Milhões de pessoas correm risco de vida no sul de Angola devido à seca que está a devastar a região, alertou a Amnistia Internacional
Milhões de pessoas estão em risco de vida e muitas já abandonaram as suas casas no sul de Angola devido à seca agravada pelas alterações climáticas que está a devastar aquela região, alertou quarta-feira a Amnistia Internacional.
A organização humanitária referiu que a criação de fazendas para o comércio de gado em terras comunitárias expulsou comunidades pastorícias das suas terras desde o final da guerra civil, em 2002, o que causou em grande parte da população insegurança alimentar.
Esta insegurança abriu caminho para uma crise humanitária, devido à seca extrema que dura há mais de três anos e à medida que a comida e a água são mais escassas milhares de pessoas já deixaram as suas casas à procura de refúgio na vizinha Namíbia, destacou a organização, em comunicado.
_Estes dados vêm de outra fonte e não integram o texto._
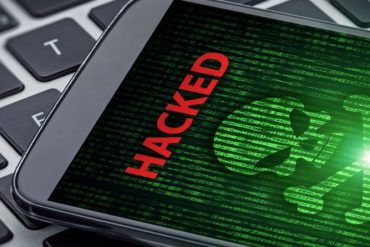 Ilustração abstrata de um cadeado digital em um smartphone Android, representando o curso Android Hacking GuardWeb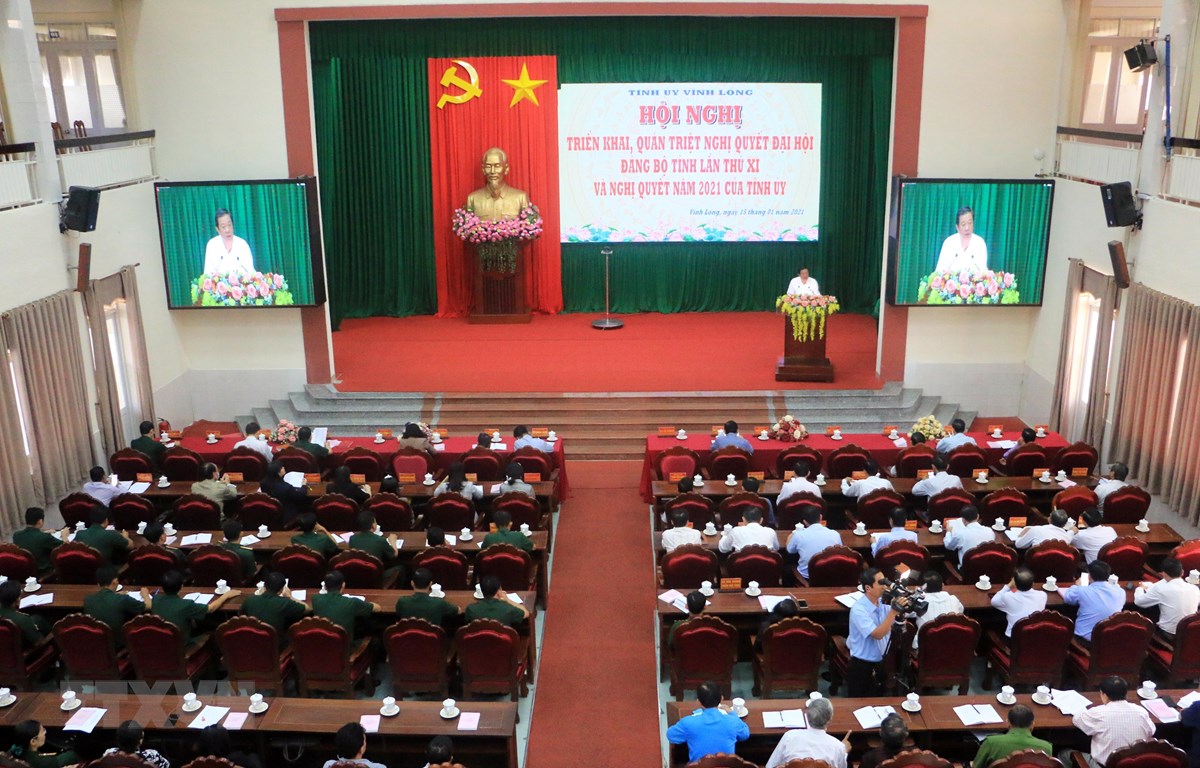 La provincia sureña de Vinh Long despliegue la resolución de su comité del partido, XI mandato. (Foto: VNA)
“Milhões de pessoas no sul de Angola estão à beira da fome, presas entre os efeitos devastadores das mudanças climáticas e desvio de terras para a pecuária comercial”, sublinhou o diretor da Amnistia Internacional para a África Oriental e Austral, Deprose Muchena.
O responsável frisou que a pior seca em 40 anos “atingiu comunidades tradicionais que lutavam para sobreviver desde que foram desalojadas de vastas áreas de pastagem”.
“O Governo angolano deve assumir a responsabilidade pelo seu próprio papel nesta terrível situação, garantir soluções às comunidades afetadas e tomar medidas imediatas para resolver a insegurança alimentar nas áreas rurais das províncias do Cunene e Huíla”, atirou.
Em 2019, a Amnistia Internacional já tinha alertado que o Governo angolano tinha desviado pastagens comunitárias naquelas regiões para criadores de gado comerciais, o que impede o acesso a pastagens de qualidade e, portanto, mina a resiliência económica e social das comunidades pastorícias e a sua capacidade de produzir alimentos e sobreviver às secas.
De acordo com o Governo, 67% das pastagens no município de Gambos estão ocupadas por criadores comerciais de gado.
Segundo a organização não governamental (ONG) Associação Construindo Comunidades (ACC), que distribui cabazes naquela região, famílias de pastores tradicionais do município de Gambos, província de Huíla, estão a passar fome.
E acrescentou que dezenas de pessoas morreram de desnutrição desde 2019, maioritariamente idosos e crianças vulneráveis, e que as pessoas estão a recorrer ao consumo de folhas para sobreviverem.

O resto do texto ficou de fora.